SMS 707. RTP, sem R, sem T e com um bocado de P


16 março 2017

O título deste apontamento não é brincadeira. A RTP é hoje a soma de muito passado, bastante mal passado e algum bem passado. A rádio que, sob outras siglas, nasceu e cresceu como meio de propaganda do Estado e hoje se assume de “serviço público”, vai nos seus 82 anos (emissões regulares começadas em 1 de agosto de 1935); a televisão, também nascida nos lençóis da ditadura e hoje igualmente com a profissão de “serviço público” no bilhete de identidade, acaba de fazer a festa dos 60 anos (emissões regulares iniciadas em 7 de março de 1957); e no que a RTP pode parecer mais jovem, o online, pouco lhe falta para terminar a adolescência - 17 anos. O tempo voa, as siglas ficam. Quem faz o que as siglas significam, dentro dos estúdios ou à frente do computador, pode não perguntar por distração das rotinas, mas quem ouve e vê, em algum momento interroga, até pela obrigatoriedade da taxa de radiodifusão constante na fatura: que Rádio é este R? Que Televisão é este T? E que P é este de Portuguesa?

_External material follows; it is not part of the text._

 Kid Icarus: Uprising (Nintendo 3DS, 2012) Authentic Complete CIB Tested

No Algarve, enquanto não houver uma Rádio regional de serviço público, não é R; enquanto não houver estúdios com centro emissor na região e da região, não se pode falar em T; e quanto ao P de Portuguesa, enquanto Lisboa ou Porto com respetivos arredores garantirem que chove quando no Algarve faz sol, não havendo nada mais deste mesmo Algarve a constar nos noticiários a não ser crime de monta, desastre chocante ou acontecimento exótico emocionante, então o P pode ser tudo menos a letra inicial do adjetivo Portuguesa. Ou seja, não há razões para se festejar no Algarve, 82 anos de rádio, 60 de televisão e 17 de online, além de não se poder nem dever exigir às estações privadas que façam o que ao serviço público compete e deve fazer. Mais: em vez de no Algarve se registarem avanços, houve desastrosos recuos.

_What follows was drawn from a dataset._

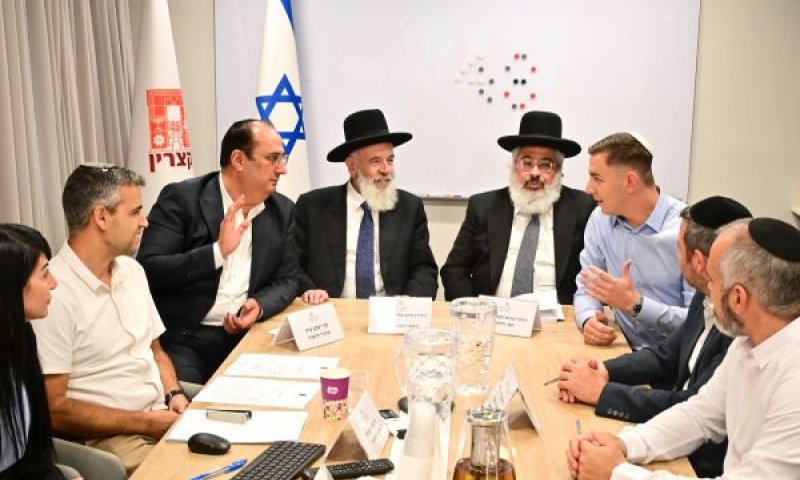 מעמד הבחירה ברב מאזוז [צילום: המשרד לשירותי דת]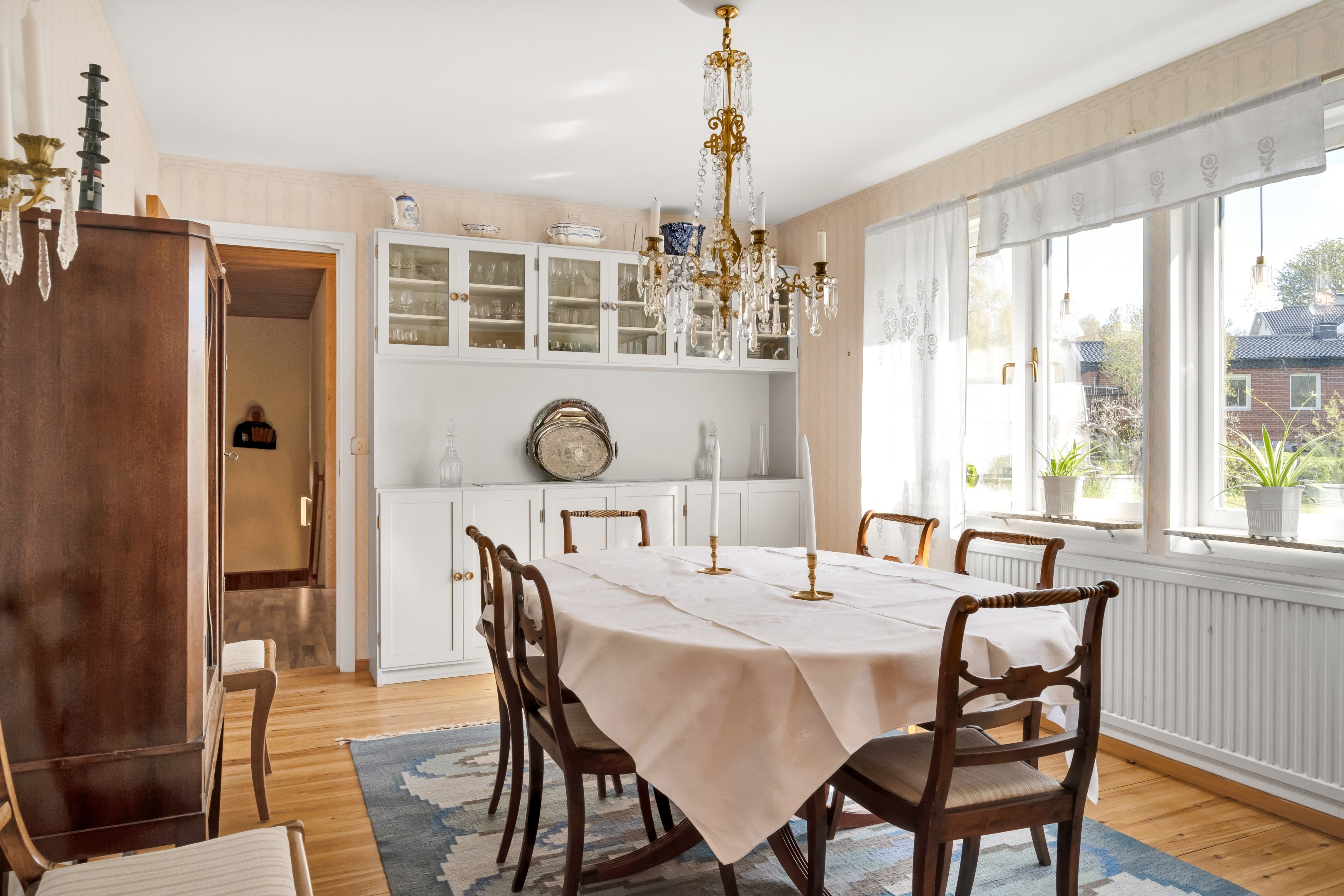 Bostadsbild från Ristvägen 6, Såld i Valsätra, Uppsala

Pior que fazer furos para o petróleo, pior que os grandes operadores económicos e financeiros da região não terem aqui pé mas apenas mãos, pior que as burocracias locais umas, desconcentradas ou descentralizadas outras, prosseguirem o seu trabalho de bichos carpinteiros comendo as tábuas de salvação, e até pior que os exercícios autistas da política local e regional com que alguns chamam o populismo como quem chama pelas aves, sem se importarem se tais aves são pombas ou abutres, pior que tudo isso, é termos no Algarve uma sociedade sem comunicação, e, por isso, sem informação cujo teor tenha uma relação direta, atempada e constante com o que está à vista, entra pelos ouvidos e se precisa no dia a dia. Em todos os campos: saúde, ensino, política, economia, empresas, cultura, ciência, instituições, identidade…

Não é pedir esmolas, invocando o serviço público sem que seja em vão, o pedir-se uma Rádio Algarve, uma Televisão Algarve, ou mesmo, já que vem no lanço de rede, uma costela da Agência Noticiosa, mesmo que seja costela falsa. Pedir isso é tão-somente ter direito a algum retorno, modesto retorno relativamente ao que o Algarve dá e gera. Em tudo, houve recuo, não houve avanço.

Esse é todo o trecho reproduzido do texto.